I don't have experience with Wicket, but with HTMX, I have tried to make components very small. For example one switch button is one component. Loading that is very fast in my experience, as compared to reloading and rerendering all data with React etc.
> I assume you are talking about geographical distribution of the user base. I don't have experience implementing apps that require heavy geographical distribution, but why does REST/JSON work better for this?
Once you see the smoothness of fully local UI transitions compared to doing a WAN roundtrip, you can't go back, even if it's objectively not a huge difference. Things like switching between tabs, or hierarchical dropdowns where the choices in the second dropdown depend on what was chosen in the first dropdown, doing a network roundtrip to load an HTML fragment is maybe OK over a LAN but it's a nonstarter over the internet.

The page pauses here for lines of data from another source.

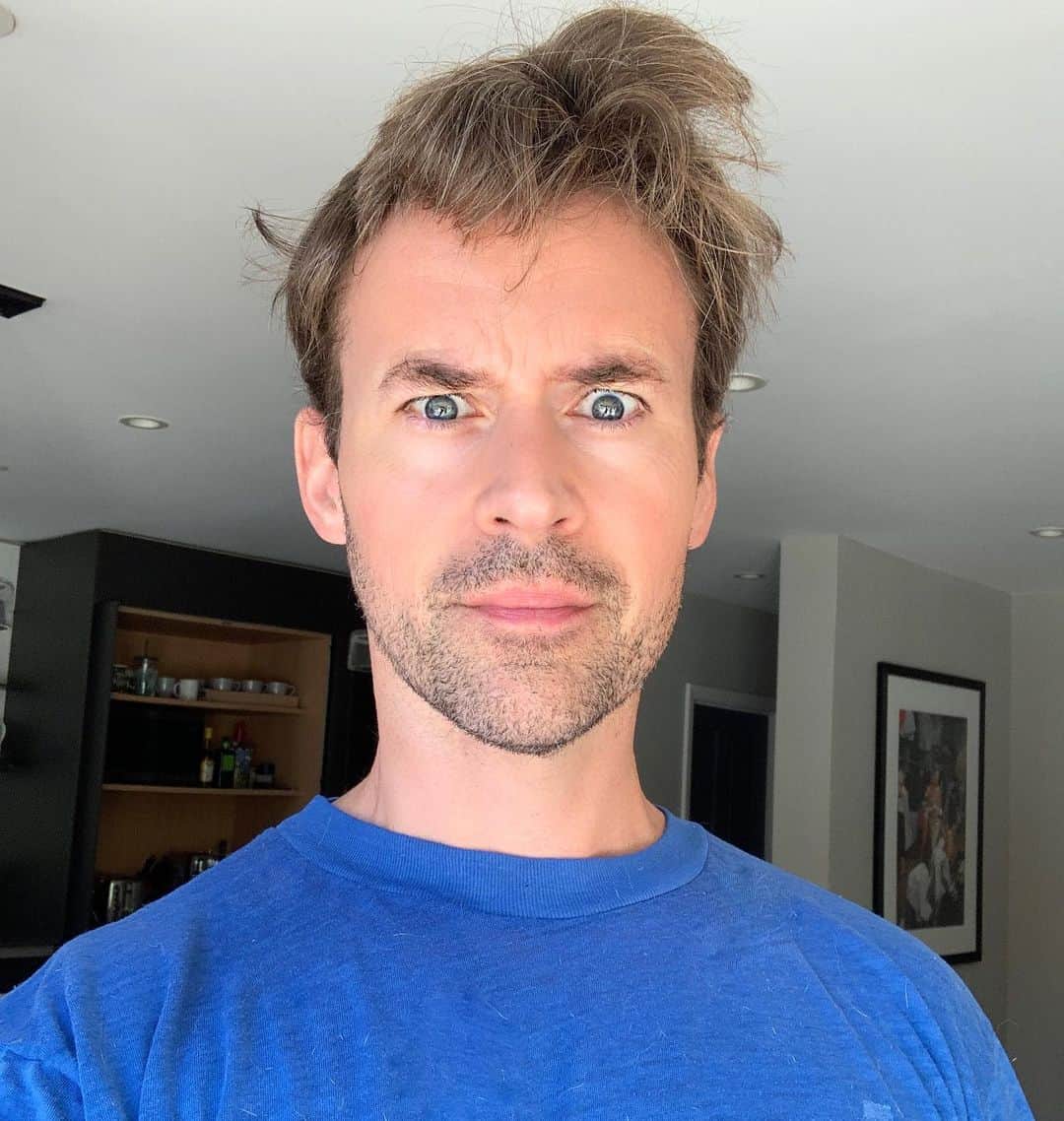 ブラッド・ゴレスキーのインスタグラム：「I woke up like this and there’s a good chance I will stay like this 🥴#goodmorning #quarantinelife」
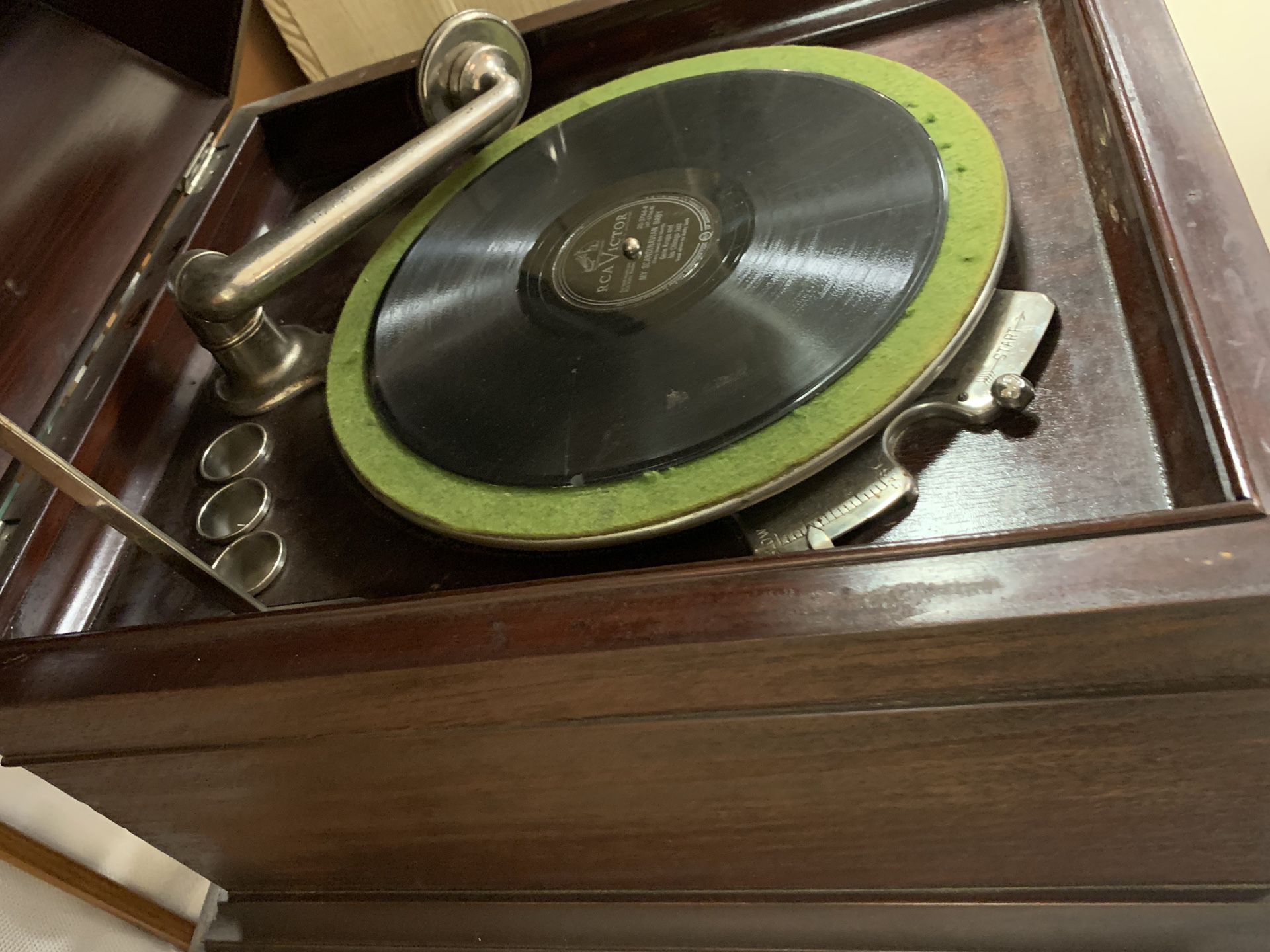 Columbia grafanola vintage record player
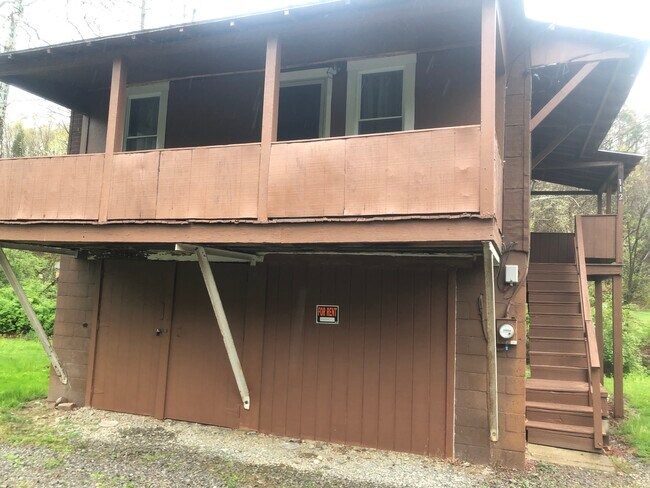 Primary Photo - 112 Glade Run Rd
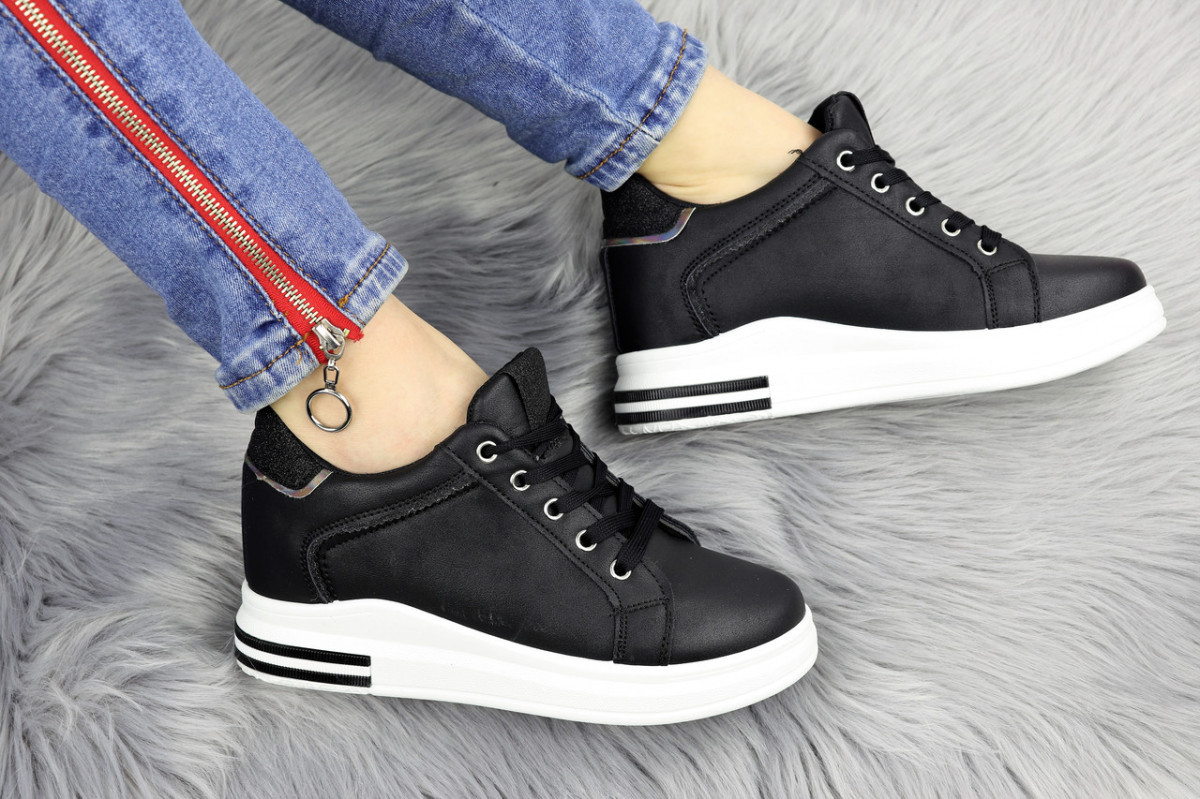 

Кроссовки женские на танкетке Shoes Ferra черные 1140 38 р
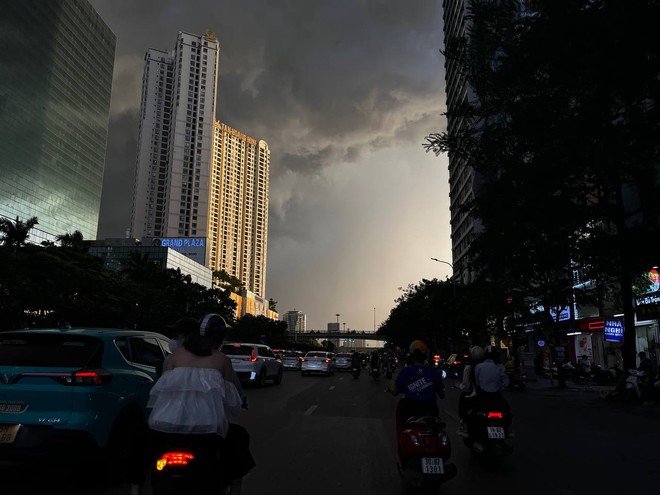 Mây đen ùn ùn kéo đến giăng kín trời Hà Nội, mưa như trút nước khiến nhiều người dân không kịp trở tay - Ảnh 3.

So your state management needs to be at least partially local to the frontend. And in my experience the only approaches available for that are a) React or b) ad-hoc hacks; some frameworks build the ad-hoc hacks into their builtin components so you get smooth local UI transitions as long as you're sticking to the happy path, but that ends up not being enough.
I don't have experience with Wicket, but with HTMX, I have tried to make components very small. For example one switch button is one component. Loading that is very fast in my experience, as compared to reloading and rerendering all data with React etc.